Jan 26, 2012
Volunteers try to save pilot whales stranded at Farewell Spit in New Zealand. Photo: Virginia Woolf
The last 33 pilot whales from a pod of 99 that stranded on Farewell Spit in New Zealand's Golden Bay have had to be shot after washing back on to the beach.
Only 17 whales have survived the third mass stranding this summer.
The group of 33 whales - seen swimming to safety yesterday - were found back on the spit in extreme distress this morning and the decision was quickly made to shoot them, Department of Conservation spokesman Nigel Mountford told NZ Newswire.
They had restranded further along the spit and with gale force winds forecast it was believed they would not survive another tidal cycle.
"They have been through five tidal cycles and been refloated twice and they have shown no inclination to swim away," Mr Mountford said.

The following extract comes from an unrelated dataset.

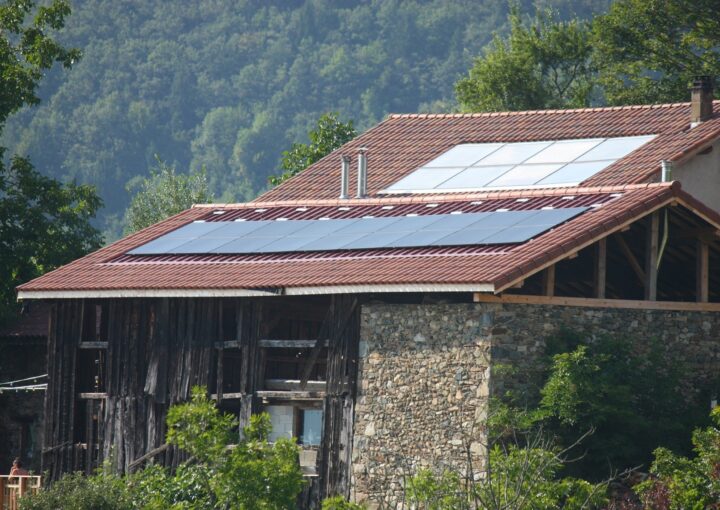 découvrez le funiculaire photovoltaïque, une innovation alliant mobilité douce et énergie renouvelable. profitez d'une expérience de transport unique, respectueuse de l'environnement, tout en admirant des paysages à couper le souffle. embarquez pour un voyage durable !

They were shot by a team of four experts this morning.
If they were left alone it was possible the weakened creatures would swim away and cause a stranding alert somewhere else on the country's coast.
The dead whales will be dragged up into the dunes where they will be left to decompose.
The whales first stranded near the base of the spit on Monday. Survivors were refloated twice before the decision was made not to try a third refloating.
"It's disappointing for the volunteers who put their heart and soul into it," Mr Mountford said.
However, many of the dozens of volunteers would have had unique experience getting up close to a mammal they would not normally see.
"There were a lot of overseas visitors. It was like a United Nations out there."
It's inevitable in any stranding that some of the pod would not survive, he said.
The good news was that 17 whales, which were apparently waiting for the rest of the pod, were last seen swimming towards open water.